ExE-Boss avatar Dec 19 '19 16:12 ExE-Boss

It widens readonly any[] to any[] | readonly any[].

falsandtru avatar Dec 19 '19 16:12 falsandtru

I'm not sure if this is the same root cause but I'm seeing this now with readonly tuples.

Playground Link

thw0rted avatar Feb 17 '20 14:02 thw0rted

This got reverted, re-opening

orta avatar Feb 16 '21 20:02 orta

I do not understand why we cannot accept the solution from @kambing86:

interface ArrayConstructor {
  isArray(arg: unknown): arg is unknown[] | readonly unknown[];
}

Why do we need to use any instead of unknown? When I use isArray() then it loses all type information. Solution with unknown preserves types so we can benefit from it, have nice autocomplete, type safety, etc... Tell me please if I am wrong, and why do not use this nice solution?

Really this issue is open since 2017 and seems to be very simple, people even provided ready solutions, just implement. But still type defs for isArray remains the same: isArray(arg: any): arg is any[]; So maybe I do not understand something or this issue is hanging with 86 likes for now:) Or maybe there are some complexities using it with unknown?
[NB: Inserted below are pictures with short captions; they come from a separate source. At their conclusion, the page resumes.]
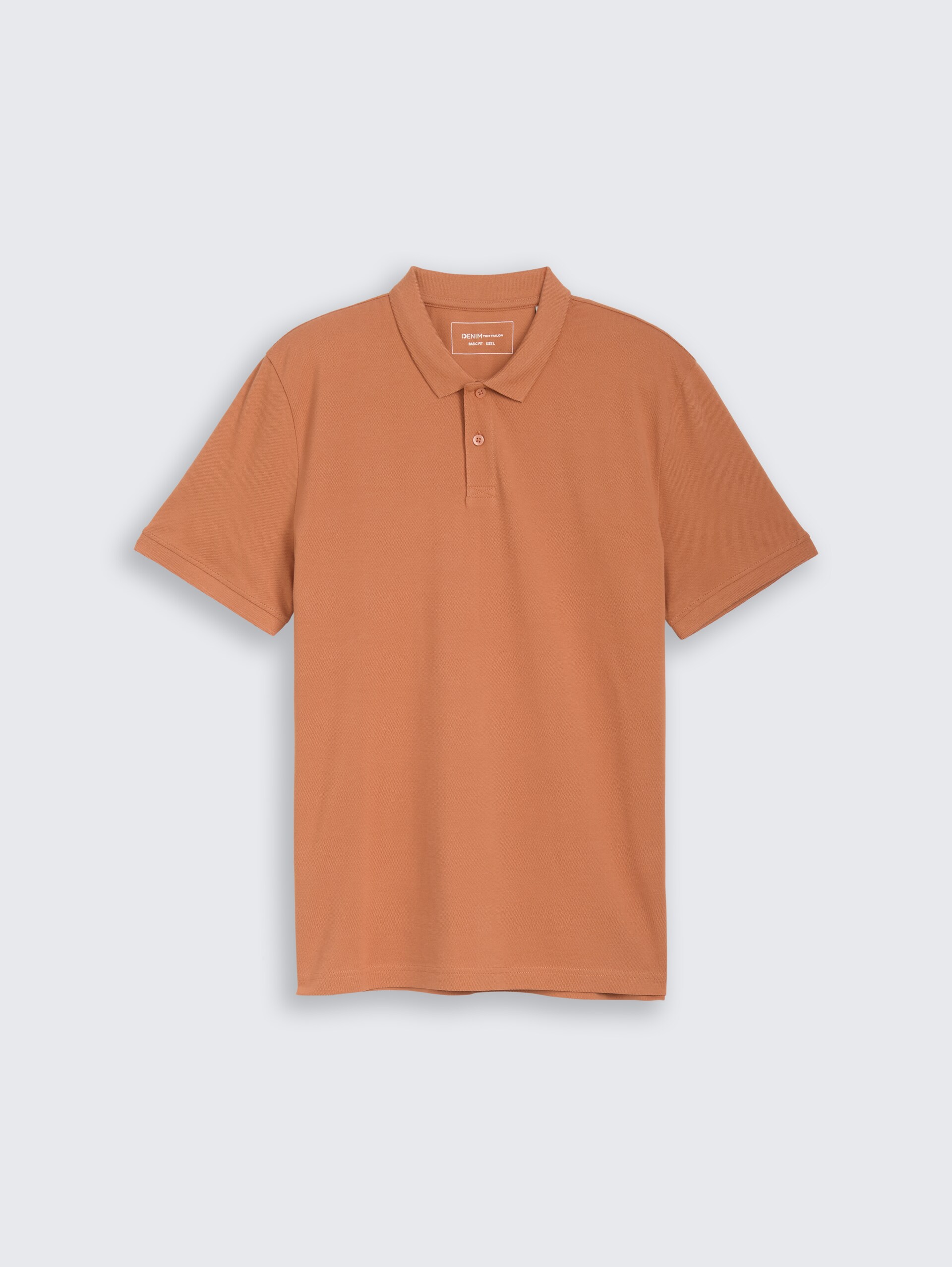 Piqué poloshirt van katoen - faded copper orange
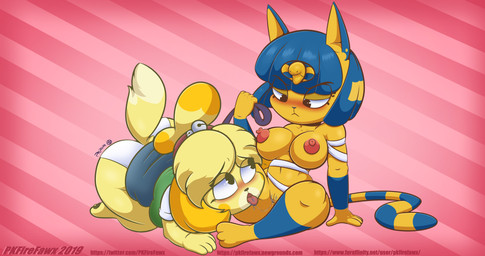 all_fours anthro areola blush bodily_fluids bottomwear breasts clothed clothing cunnilingus dipstick_tail duo egyptian female female/female genital_fluids genitals holding_leash holding_object interspecies leash looking_up markings multicolored_tail nipples open_mouth oral panties pattern_background pawpads puffy_areola saliva sex shirt simple_background sitting skirt spread_legs spreading tail tail_markings text tongue topwear underwear vaginal vaginal_fluid_string vaginal_fluids vulva pkfirefawx animal_crossing nintendo ankha_(animal_crossing) isabelle_(animal_crossing) canid canine canis domestic_cat domestic_dog felid feline felis mammal shih_tzu toy_dog 2019 256:135 4k absurd_res digital_media_(artwork) english_text hi_res wallpaper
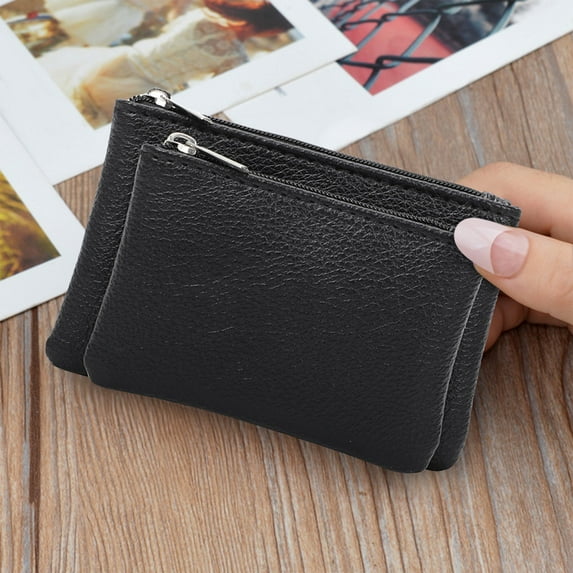 Openpig Coin Purse, Portable PU Leather Coin Purse with Zipper Coin Purse Mini Change Purse Small Coin Purse for Women Credit Card Folded Bills ID Key Headset Lipstick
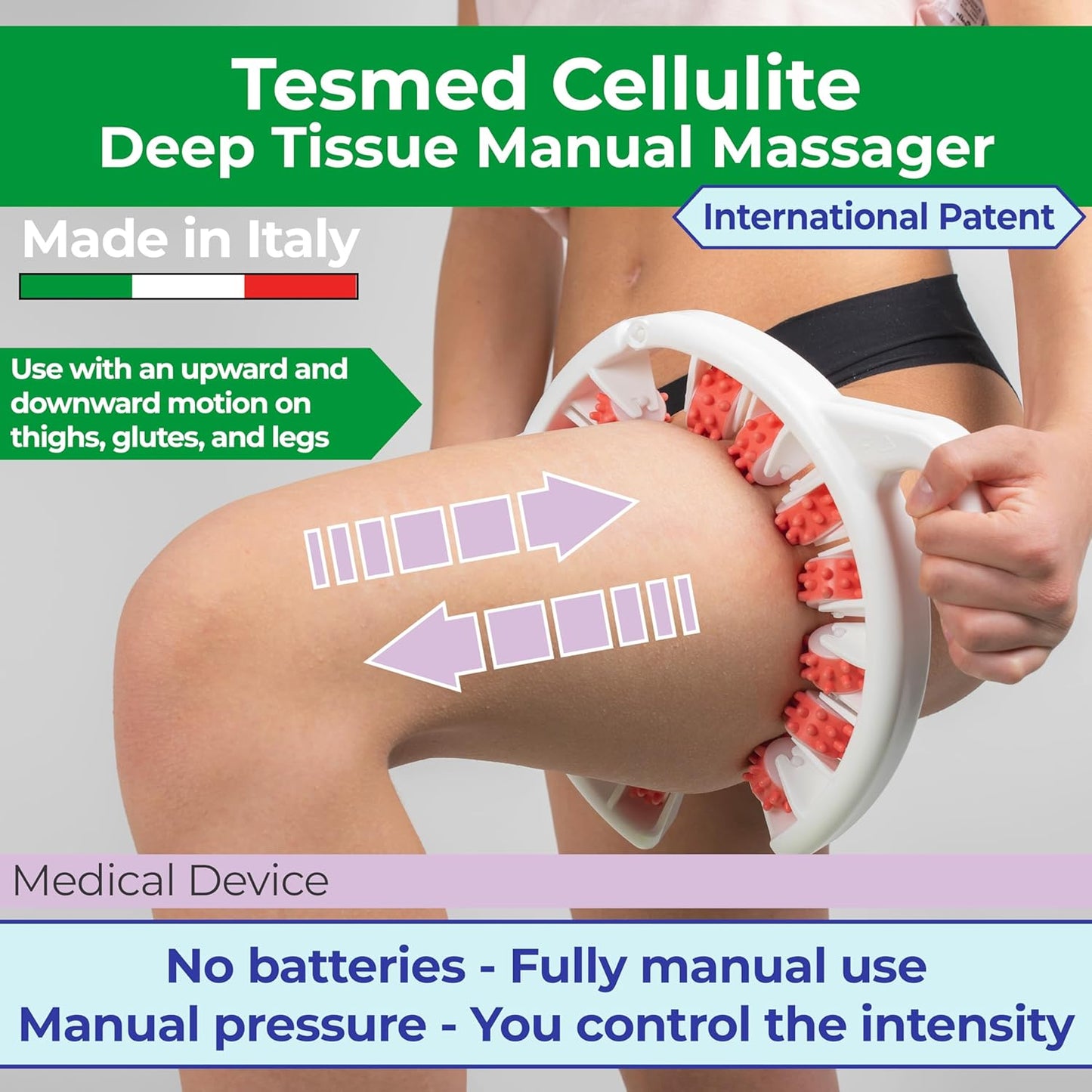 TESMED Cellulite Manual Massager : Made in Italy, Patented with Converging & Diverging Roller Technology. Anti Cellulite Roller for Thighs and Buttock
valerii15298 avatar Jan 20 '22 19:01 valerii15298

+1

I encountered this problem today with code like this:

// The error goes away if you delete "readonly":
type T = readonly string[] | { color: 'red' }

function f(t:T): void {
  if (!Array.isArray(t)) {
    // Property 'color' does not exist on type 'readonly string[]'
    console.log(t.color);
  }  
}

The above code compiles without errors with @valerii15298's solution.
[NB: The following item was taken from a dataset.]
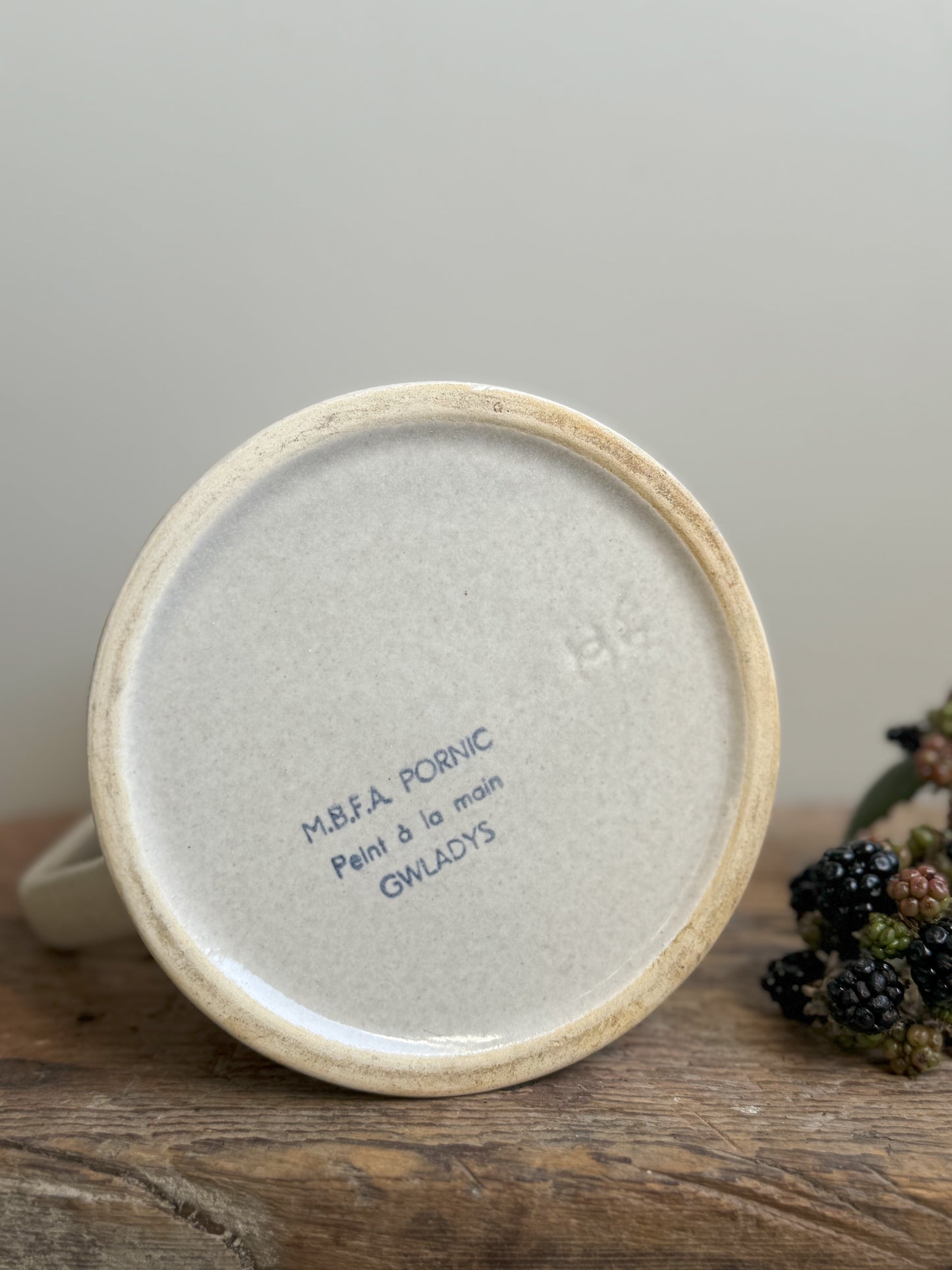 Vintage French Pornic Pottery Abstract Jug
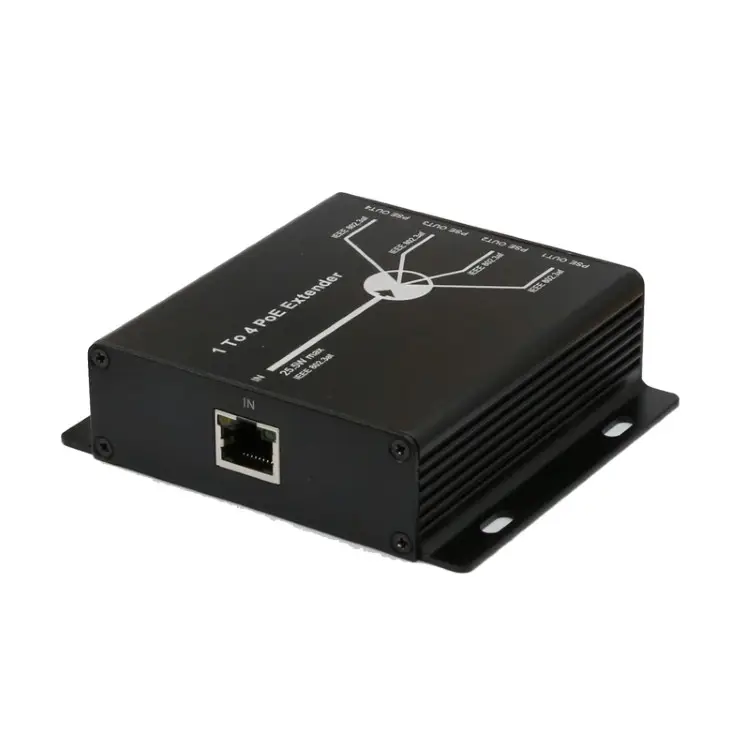 Extender PoE industriale a 5 porte da 1 a 4 porte per telecamera IP muslimex estende la distanza di trasmissione di 120m con porte LAN da 10/100M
Barring some unforeseen consequence, this seems like a one-line fix in lib.es5.d.ts.

octogonz avatar Jan 24 '22 00:01 octogonz

Barring some unforeseen consequence

I have incredibly bad news... 😅. Every time we touch this thing something breaks. Happy to take a PR to try, though.

RyanCavanaugh avatar Jan 25 '22 00:01 RyanCavanaugh

The suggested change leads to a backwards incompatibility and (I think) inconsistency though:

function f(v: unknown) {
  if (Array.isArray(v)) {
    // BEFORE:
    // `v` is `any[]`
    //
    // AFTER:
    // `v` is `unknown[] | readonly unknown[]`
  }
}

Currently the narrowed type is a mutable array and the suggested change would make it either mutable or immutable when the variable type is unknown or any.

But I agree that Array.isArray's return type should be unknown[] instead of any[]. And I agree with the problem shown in the original post, I just don't know a solution.

sisp avatar Feb 06 '22 16:02 sisp

@RyanCavanaugh Would you try this PR? https://github.com/microsoft/TypeScript/pull/48228

I modified https://github.com/microsoft/TypeScript/pull/42316#discussion_r825141259 with the following overloads, to fix this issue and https://github.com/microsoft/TypeScript/issues/33700, without changing the current behavior of any and unknown:

    isArray<T>(arg: ArrayLike<T>): arg is readonly T[];
    isArray<T>(arg: Iterable<T>): arg is readonly T[];

jablko avatar Mar 11 '22 22:03 jablko

image

export type ITSArrayListMaybeReadonly<T> = T[] | readonly T[];

declare global
{
	interface ArrayConstructor
	{
		isArray<T extends ITSArrayListMaybeReadonly<any>>(arg: T | unknown): arg is T
	}
}

export function isArray<T extends ITSArrayListMaybeReadonly<any>>(value: T | unknown): value is T
{
	return Array.isArray(value)
}

bluelovers avatar Mar 12 '22 00:03 bluelovers

[email protected]

  let a: string[] | number = 42

  if (Array.isArray(a)) {
    console.info(a)
    // let a: number & any[]
  }

  a = []

It's really wired that we got a number & any[] in the if (Array.isArray(a)) guard block.

ts(2358)

  // ERROR: The left-hand side of an 'instanceof' expression must be of type 'any', an object type or a type parameter.ts(2358)
  if (a instanceof Array) {
    // ...
  }

huan avatar Apr 12 '22 13:04 huan

That's just control flow analysis; the type of a has already been narrowed to number upon the assignment of 42. Control flow can't possibly make it into that console.info(a) block unless, somehow, a were both a number and an array, and hence number & any[].

Hmm, you keep editing that comment. Let me know when it stabilizes.